Please restate, word for word, the lines below that begin at the one with "Pecan wardrobe" and end at the one with "Arontrey21 online show". Leave out all other lines.

**DATA**
>>>
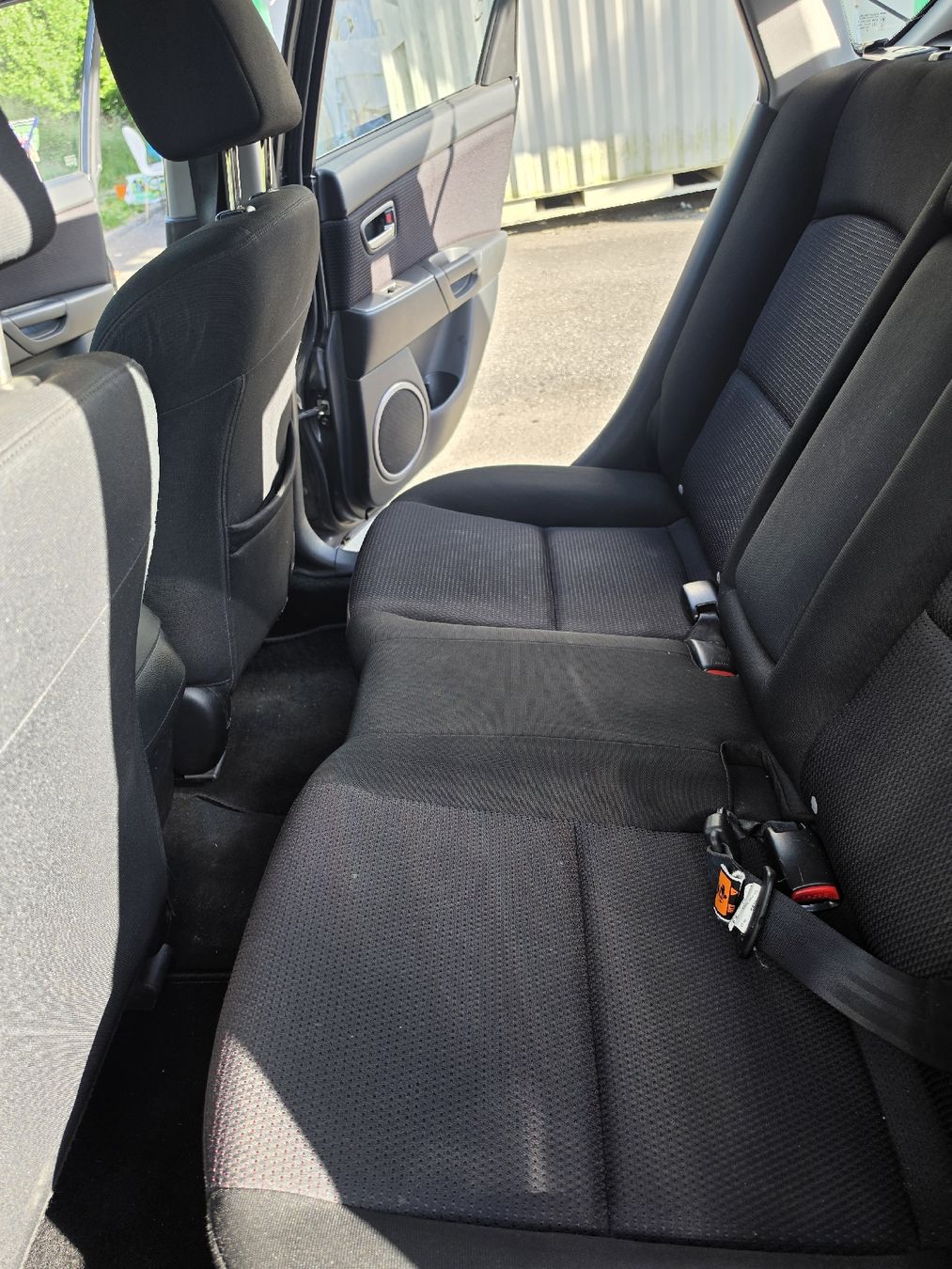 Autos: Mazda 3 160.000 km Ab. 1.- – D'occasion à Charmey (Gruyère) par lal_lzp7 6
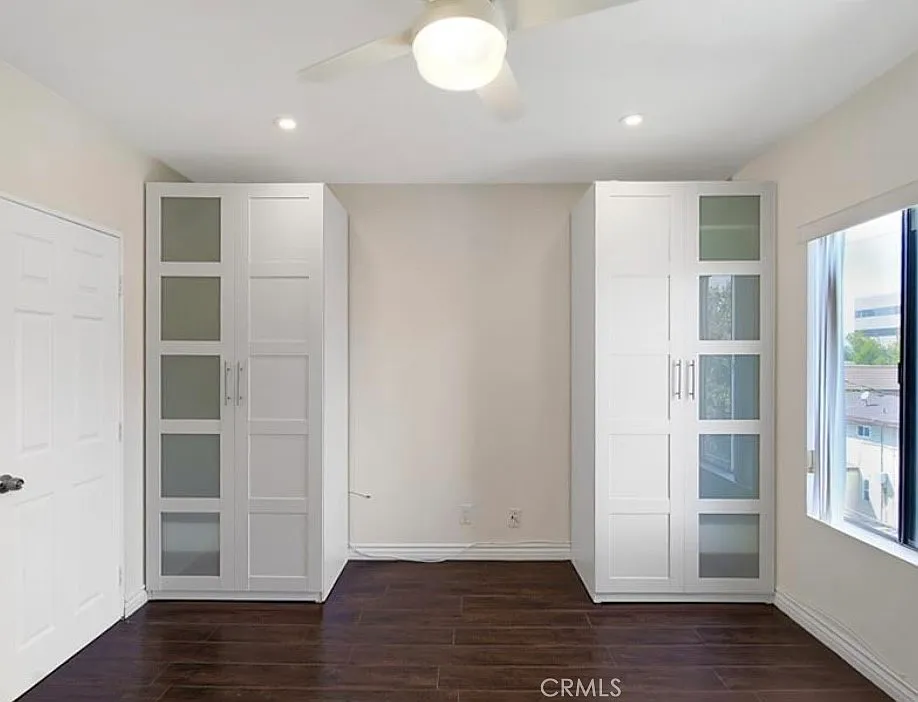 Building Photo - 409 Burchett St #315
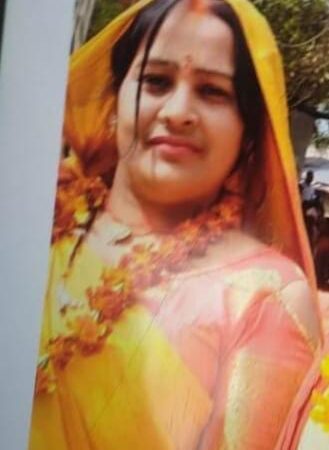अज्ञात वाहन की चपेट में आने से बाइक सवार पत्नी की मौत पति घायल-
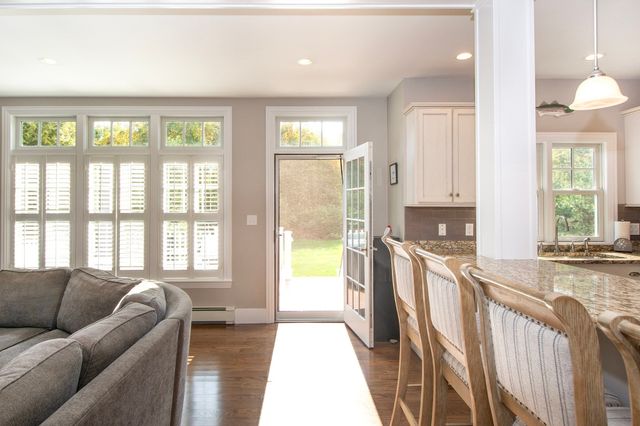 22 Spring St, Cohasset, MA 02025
<<<
>>>
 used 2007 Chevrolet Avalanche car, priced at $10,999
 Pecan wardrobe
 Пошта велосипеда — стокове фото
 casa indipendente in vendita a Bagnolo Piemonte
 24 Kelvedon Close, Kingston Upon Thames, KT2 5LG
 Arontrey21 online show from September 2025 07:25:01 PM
<<<
>>>
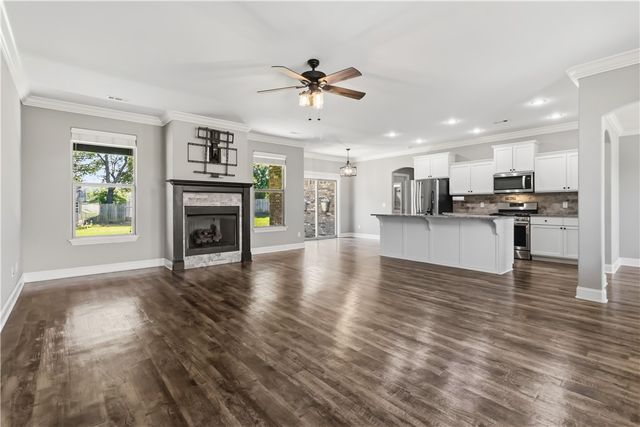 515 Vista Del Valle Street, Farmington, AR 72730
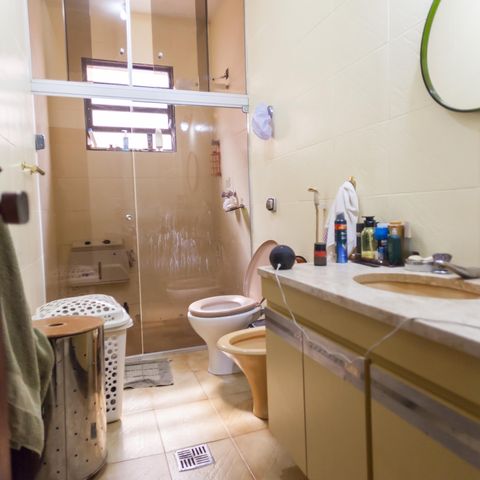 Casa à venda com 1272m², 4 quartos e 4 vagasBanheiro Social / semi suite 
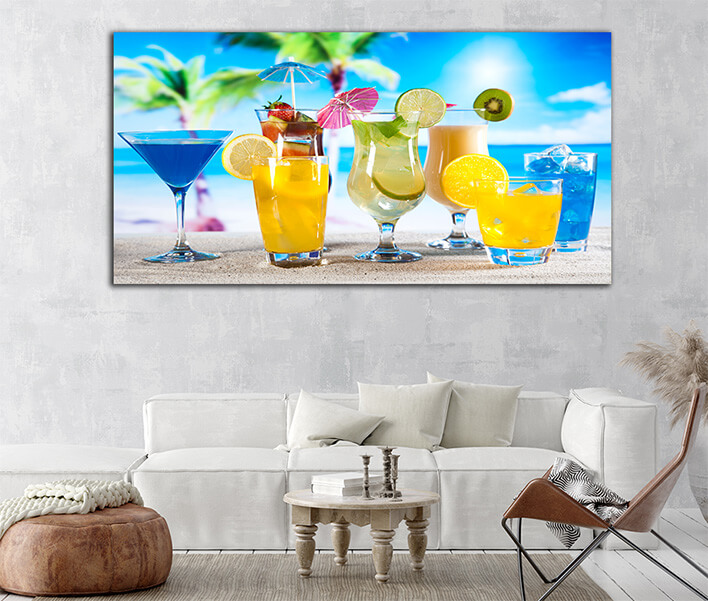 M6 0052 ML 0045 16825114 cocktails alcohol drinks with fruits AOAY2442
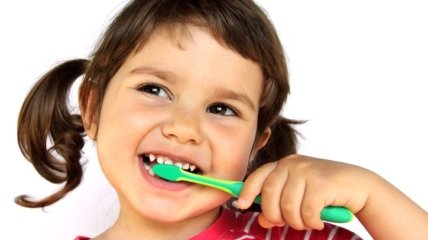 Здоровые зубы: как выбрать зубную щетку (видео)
<<<
**OUTPUT**
 Pecan wardrobe
 Пошта велосипеда — стокове фото
 casa indipendente in vendita a Bagnolo Piemonte
 24 Kelvedon Close, Kingston Upon Thames, KT2 5LG
 Arontrey21 online show from September 2025 07:25:01 PM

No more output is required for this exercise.